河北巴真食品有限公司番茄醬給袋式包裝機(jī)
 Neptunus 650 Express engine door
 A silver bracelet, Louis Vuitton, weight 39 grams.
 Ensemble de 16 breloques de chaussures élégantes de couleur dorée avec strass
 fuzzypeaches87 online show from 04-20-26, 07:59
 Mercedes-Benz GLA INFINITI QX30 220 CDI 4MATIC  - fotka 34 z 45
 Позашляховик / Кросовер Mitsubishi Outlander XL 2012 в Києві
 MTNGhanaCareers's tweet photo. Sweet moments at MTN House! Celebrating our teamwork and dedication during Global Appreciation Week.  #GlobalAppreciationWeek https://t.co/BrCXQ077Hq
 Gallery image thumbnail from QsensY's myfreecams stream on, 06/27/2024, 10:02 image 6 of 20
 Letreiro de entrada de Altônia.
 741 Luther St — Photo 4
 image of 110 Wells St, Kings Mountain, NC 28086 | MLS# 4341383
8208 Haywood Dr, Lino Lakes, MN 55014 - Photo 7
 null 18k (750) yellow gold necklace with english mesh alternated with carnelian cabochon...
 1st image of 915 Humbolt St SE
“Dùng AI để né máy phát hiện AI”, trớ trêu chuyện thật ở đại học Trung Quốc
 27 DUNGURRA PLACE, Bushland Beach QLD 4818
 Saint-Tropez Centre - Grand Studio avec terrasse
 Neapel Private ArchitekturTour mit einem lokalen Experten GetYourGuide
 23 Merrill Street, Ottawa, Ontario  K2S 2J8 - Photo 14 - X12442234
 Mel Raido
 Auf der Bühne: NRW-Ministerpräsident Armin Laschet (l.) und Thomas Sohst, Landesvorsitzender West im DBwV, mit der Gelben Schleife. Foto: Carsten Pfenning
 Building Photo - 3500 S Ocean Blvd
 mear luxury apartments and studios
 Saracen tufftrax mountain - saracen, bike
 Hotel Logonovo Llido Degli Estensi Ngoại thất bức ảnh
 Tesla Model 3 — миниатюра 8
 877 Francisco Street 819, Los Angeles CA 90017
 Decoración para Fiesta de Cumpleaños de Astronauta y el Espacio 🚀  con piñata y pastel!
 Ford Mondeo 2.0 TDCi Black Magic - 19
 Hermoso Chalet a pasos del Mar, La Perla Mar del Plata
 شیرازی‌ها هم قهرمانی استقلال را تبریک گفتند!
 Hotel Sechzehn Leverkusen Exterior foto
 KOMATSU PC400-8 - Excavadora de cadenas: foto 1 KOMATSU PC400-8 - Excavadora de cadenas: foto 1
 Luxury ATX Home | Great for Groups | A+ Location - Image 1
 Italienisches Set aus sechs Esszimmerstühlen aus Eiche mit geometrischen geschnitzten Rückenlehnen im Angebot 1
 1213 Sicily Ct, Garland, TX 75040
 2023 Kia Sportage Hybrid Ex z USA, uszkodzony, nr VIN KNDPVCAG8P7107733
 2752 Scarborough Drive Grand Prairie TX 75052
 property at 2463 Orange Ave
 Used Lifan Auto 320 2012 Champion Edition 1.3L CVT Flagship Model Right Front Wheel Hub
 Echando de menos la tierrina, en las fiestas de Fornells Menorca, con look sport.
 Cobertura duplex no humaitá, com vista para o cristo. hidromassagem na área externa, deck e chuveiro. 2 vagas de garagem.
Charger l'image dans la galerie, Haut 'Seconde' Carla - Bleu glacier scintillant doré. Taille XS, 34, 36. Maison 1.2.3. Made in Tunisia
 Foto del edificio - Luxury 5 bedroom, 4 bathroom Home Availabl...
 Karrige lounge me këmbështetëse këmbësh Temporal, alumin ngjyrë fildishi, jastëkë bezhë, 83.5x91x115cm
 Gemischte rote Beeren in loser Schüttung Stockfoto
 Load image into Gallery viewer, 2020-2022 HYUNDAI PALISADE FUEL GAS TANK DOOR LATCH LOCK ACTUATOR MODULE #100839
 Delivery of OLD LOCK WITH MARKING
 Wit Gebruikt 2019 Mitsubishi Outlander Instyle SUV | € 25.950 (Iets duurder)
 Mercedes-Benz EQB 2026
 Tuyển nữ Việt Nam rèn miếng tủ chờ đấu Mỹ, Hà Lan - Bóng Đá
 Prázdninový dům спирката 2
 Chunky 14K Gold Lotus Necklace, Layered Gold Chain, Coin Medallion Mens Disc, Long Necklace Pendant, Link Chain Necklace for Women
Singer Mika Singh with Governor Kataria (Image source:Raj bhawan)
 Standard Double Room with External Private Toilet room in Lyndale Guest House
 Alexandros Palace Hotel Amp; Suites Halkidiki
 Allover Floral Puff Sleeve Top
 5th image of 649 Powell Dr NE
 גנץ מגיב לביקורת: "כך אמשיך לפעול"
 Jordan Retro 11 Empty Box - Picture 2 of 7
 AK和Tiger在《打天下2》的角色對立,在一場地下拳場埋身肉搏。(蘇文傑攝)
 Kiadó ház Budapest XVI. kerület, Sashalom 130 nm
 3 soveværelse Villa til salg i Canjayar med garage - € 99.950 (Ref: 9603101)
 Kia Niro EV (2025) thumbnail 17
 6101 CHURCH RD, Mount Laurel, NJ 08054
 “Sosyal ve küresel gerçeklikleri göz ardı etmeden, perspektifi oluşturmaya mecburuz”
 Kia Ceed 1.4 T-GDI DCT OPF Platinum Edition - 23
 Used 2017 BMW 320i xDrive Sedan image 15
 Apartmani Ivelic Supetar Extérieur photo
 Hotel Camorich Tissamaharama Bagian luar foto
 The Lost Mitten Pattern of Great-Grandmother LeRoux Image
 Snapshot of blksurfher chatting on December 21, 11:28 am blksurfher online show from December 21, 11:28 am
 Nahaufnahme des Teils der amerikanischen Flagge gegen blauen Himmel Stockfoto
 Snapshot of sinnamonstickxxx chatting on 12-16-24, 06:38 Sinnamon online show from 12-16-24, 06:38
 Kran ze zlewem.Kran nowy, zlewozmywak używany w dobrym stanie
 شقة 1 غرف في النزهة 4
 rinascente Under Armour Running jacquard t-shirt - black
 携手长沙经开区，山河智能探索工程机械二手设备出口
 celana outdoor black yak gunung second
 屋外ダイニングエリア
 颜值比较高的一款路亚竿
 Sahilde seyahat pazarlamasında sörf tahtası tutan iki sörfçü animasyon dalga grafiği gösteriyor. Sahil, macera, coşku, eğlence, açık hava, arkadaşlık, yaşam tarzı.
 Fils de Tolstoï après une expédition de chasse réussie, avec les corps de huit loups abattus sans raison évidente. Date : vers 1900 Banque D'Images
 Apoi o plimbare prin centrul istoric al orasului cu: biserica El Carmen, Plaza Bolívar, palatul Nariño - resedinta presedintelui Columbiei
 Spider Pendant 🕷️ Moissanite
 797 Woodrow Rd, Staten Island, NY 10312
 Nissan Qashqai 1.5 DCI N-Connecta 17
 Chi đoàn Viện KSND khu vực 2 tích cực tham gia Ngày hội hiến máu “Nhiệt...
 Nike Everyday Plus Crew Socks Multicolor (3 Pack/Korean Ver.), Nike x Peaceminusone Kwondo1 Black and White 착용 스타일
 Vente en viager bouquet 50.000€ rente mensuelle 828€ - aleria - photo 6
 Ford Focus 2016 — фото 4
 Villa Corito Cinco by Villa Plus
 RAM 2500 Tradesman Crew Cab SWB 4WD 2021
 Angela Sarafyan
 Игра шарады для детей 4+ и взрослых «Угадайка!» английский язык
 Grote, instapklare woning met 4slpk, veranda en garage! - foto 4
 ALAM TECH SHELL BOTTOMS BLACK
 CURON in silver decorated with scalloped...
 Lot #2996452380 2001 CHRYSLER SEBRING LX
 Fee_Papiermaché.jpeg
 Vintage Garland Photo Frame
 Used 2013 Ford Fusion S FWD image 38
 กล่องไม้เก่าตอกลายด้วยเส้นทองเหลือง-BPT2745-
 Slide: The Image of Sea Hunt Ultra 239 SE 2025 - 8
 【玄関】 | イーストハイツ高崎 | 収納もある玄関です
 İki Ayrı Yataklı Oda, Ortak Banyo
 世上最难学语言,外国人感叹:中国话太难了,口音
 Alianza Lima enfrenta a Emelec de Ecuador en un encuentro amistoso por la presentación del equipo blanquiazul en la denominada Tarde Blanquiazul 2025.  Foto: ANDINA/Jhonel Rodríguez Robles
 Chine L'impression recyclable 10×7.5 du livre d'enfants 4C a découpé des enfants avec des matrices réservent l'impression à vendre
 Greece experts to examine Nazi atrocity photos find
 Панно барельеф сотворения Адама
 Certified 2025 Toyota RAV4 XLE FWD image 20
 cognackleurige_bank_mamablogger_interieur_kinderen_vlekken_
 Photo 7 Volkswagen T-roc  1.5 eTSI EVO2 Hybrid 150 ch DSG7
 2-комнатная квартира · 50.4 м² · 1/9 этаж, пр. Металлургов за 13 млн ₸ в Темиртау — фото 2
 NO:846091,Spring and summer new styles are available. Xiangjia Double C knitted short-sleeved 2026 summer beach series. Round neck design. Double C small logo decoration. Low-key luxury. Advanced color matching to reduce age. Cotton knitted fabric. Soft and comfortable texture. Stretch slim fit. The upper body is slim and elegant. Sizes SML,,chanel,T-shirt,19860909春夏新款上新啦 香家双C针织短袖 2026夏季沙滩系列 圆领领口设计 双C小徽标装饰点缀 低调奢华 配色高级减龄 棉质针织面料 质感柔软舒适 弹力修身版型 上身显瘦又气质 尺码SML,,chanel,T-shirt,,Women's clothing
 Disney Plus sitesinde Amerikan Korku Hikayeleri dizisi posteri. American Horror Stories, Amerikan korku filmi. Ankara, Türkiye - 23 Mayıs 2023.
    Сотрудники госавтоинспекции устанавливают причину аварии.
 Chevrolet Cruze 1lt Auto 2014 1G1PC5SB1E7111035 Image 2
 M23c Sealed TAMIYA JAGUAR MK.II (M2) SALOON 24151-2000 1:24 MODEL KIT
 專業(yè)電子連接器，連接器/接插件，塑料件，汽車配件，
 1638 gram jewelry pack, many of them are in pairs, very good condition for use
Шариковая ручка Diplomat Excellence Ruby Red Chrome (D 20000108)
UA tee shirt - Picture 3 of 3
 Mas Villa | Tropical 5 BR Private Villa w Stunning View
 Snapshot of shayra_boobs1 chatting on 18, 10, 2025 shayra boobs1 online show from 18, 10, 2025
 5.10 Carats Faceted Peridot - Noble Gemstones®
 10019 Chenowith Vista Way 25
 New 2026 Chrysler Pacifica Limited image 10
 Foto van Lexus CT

################

◆ EXERCISE AIM ◆
Repeat the entries above verbatim, but only from the line that has "Snapshot of blksurfher" down to the line that has "Spider Pendant 🕷️ Moissanite", inclusive.

◆ EXERCISE RESPONSE ◆
 Snapshot of blksurfher chatting on December 21, 11:28 am blksurfher online show from December 21, 11:28 am
 Nahaufnahme des Teils der amerikanischen Flagge gegen blauen Himmel Stockfoto
 Snapshot of sinnamonstickxxx chatting on 12-16-24, 06:38 Sinnamon online show from 12-16-24, 06:38
 Kran ze zlewem.Kran nowy, zlewozmywak używany w dobrym stanie
 شقة 1 غرف في النزهة 4
 rinascente Under Armour Running jacquard t-shirt - black
 携手长沙经开区，山河智能探索工程机械二手设备出口
 celana outdoor black yak gunung second
 屋外ダイニングエリア
 颜值比较高的一款路亚竿
 Sahilde seyahat pazarlamasında sörf tahtası tutan iki sörfçü animasyon dalga grafiği gösteriyor. Sahil, macera, coşku, eğlence, açık hava, arkadaşlık, yaşam tarzı.
 Fils de Tolstoï après une expédition de chasse réussie, avec les corps de huit loups abattus sans raison évidente. Date : vers 1900 Banque D'Images
 Apoi o plimbare prin centrul istoric al orasului cu: biserica El Carmen, Plaza Bolívar, palatul Nariño - resedinta presedintelui Columbiei
 Spider Pendant 🕷️ Moissanite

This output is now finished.